=== Section Start ===
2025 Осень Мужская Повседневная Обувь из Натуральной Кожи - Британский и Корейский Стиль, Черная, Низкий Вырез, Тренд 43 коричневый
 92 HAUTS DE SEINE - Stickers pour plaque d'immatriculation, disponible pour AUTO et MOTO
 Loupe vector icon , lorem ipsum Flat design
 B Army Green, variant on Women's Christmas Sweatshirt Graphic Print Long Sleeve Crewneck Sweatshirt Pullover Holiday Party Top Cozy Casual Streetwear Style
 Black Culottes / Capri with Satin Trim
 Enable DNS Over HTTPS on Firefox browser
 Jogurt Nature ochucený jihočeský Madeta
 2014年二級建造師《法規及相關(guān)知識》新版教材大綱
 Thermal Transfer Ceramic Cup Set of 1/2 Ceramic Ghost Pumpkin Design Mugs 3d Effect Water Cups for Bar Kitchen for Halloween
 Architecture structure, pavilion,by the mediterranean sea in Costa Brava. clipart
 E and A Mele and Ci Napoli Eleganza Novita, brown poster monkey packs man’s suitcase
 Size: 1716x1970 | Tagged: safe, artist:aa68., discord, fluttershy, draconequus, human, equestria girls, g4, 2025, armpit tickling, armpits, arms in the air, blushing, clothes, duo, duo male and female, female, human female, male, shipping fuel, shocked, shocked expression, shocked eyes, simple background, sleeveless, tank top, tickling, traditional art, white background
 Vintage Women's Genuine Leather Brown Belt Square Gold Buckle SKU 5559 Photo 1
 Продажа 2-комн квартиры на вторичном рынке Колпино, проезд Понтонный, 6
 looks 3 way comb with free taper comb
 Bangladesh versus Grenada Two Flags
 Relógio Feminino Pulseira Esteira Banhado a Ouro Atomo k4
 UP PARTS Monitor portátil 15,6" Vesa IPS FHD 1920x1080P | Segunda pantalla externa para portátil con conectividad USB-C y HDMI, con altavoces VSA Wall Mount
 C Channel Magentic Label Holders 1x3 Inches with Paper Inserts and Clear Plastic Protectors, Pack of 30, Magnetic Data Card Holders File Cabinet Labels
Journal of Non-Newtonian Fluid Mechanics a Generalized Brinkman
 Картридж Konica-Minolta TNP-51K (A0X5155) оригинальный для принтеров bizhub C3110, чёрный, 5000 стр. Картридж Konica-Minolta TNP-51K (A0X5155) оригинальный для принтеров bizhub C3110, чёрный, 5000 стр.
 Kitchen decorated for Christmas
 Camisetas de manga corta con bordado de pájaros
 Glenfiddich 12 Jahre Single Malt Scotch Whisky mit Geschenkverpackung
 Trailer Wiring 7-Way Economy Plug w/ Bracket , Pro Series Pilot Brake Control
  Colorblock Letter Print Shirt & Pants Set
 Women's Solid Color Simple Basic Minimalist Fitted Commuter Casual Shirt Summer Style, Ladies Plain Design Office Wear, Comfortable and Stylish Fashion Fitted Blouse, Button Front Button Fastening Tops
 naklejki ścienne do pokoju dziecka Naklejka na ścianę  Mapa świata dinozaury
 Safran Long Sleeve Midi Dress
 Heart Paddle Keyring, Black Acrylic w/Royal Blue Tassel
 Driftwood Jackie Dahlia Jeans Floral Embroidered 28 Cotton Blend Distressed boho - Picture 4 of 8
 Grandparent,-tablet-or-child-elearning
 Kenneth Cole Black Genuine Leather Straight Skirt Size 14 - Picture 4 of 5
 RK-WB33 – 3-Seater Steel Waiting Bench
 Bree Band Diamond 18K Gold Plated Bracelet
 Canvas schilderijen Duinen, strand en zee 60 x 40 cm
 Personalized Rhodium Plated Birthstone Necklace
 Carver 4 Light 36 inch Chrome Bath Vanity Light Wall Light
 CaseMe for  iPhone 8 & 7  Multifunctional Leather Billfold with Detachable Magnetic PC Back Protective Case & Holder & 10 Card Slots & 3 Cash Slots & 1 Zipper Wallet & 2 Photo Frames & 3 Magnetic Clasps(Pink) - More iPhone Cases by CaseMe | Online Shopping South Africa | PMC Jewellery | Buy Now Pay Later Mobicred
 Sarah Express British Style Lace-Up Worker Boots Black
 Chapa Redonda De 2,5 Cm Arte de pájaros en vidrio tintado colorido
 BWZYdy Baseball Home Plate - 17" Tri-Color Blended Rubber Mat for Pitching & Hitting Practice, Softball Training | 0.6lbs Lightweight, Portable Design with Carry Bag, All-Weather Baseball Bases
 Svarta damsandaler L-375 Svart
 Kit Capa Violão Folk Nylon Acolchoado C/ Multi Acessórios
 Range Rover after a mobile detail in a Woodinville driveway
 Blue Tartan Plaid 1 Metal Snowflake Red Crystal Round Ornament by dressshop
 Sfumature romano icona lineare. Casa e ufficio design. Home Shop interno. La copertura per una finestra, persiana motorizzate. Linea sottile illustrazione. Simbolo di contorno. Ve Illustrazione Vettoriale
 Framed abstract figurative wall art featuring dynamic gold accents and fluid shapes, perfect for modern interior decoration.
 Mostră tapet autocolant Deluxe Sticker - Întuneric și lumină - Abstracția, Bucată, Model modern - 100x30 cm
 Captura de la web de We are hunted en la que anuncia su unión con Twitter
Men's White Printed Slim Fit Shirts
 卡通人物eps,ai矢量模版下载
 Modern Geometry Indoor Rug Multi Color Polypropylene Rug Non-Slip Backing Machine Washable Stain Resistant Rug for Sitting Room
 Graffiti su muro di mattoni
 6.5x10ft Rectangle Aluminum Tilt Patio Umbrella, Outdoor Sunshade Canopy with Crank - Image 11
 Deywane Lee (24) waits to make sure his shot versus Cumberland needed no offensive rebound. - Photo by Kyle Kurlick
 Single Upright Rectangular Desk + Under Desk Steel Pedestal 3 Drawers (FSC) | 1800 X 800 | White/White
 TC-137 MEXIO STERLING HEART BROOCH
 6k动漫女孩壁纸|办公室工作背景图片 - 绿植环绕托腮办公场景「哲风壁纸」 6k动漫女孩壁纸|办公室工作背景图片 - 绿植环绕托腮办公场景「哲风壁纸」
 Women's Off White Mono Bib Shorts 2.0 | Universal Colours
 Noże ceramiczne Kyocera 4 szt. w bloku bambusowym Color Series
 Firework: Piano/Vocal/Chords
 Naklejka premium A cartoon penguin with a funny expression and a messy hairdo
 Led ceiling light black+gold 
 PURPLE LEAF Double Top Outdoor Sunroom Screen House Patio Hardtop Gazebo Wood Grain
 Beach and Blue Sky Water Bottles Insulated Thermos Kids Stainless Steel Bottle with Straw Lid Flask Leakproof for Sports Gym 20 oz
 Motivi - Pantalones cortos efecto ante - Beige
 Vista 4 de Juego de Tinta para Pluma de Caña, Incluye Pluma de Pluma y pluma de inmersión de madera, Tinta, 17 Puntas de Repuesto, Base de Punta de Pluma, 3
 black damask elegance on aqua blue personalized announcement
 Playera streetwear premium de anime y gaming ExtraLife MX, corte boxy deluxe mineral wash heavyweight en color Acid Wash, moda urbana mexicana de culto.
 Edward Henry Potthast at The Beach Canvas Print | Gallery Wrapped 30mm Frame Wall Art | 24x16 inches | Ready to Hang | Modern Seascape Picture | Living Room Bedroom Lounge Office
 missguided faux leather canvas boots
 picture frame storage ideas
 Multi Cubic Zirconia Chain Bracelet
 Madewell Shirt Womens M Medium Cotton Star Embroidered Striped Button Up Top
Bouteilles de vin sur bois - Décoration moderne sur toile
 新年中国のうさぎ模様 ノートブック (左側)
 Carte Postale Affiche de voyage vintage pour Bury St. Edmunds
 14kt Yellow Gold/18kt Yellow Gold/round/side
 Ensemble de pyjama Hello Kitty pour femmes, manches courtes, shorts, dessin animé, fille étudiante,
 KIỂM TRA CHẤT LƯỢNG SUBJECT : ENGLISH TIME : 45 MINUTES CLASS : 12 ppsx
=== Section End ===
EXERCISE REQUIREMENTS
Exactly the lines from the one containing "Multi Cubic Zirconia Chain Bracelet" through the end of the listing above, inclusive, are to be written out, and no others.

SOLUTION
 Multi Cubic Zirconia Chain Bracelet
 Madewell Shirt Womens M Medium Cotton Star Embroidered Striped Button Up Top
Bouteilles de vin sur bois - Décoration moderne sur toile
 新年中国のうさぎ模様 ノートブック (左側)
 Carte Postale Affiche de voyage vintage pour Bury St. Edmunds
 14kt Yellow Gold/18kt Yellow Gold/round/side
 Ensemble de pyjama Hello Kitty pour femmes, manches courtes, shorts, dessin animé, fille étudiante,
 KIỂM TRA CHẤT LƯỢNG SUBJECT : ENGLISH TIME : 45 MINUTES CLASS : 12 ppsx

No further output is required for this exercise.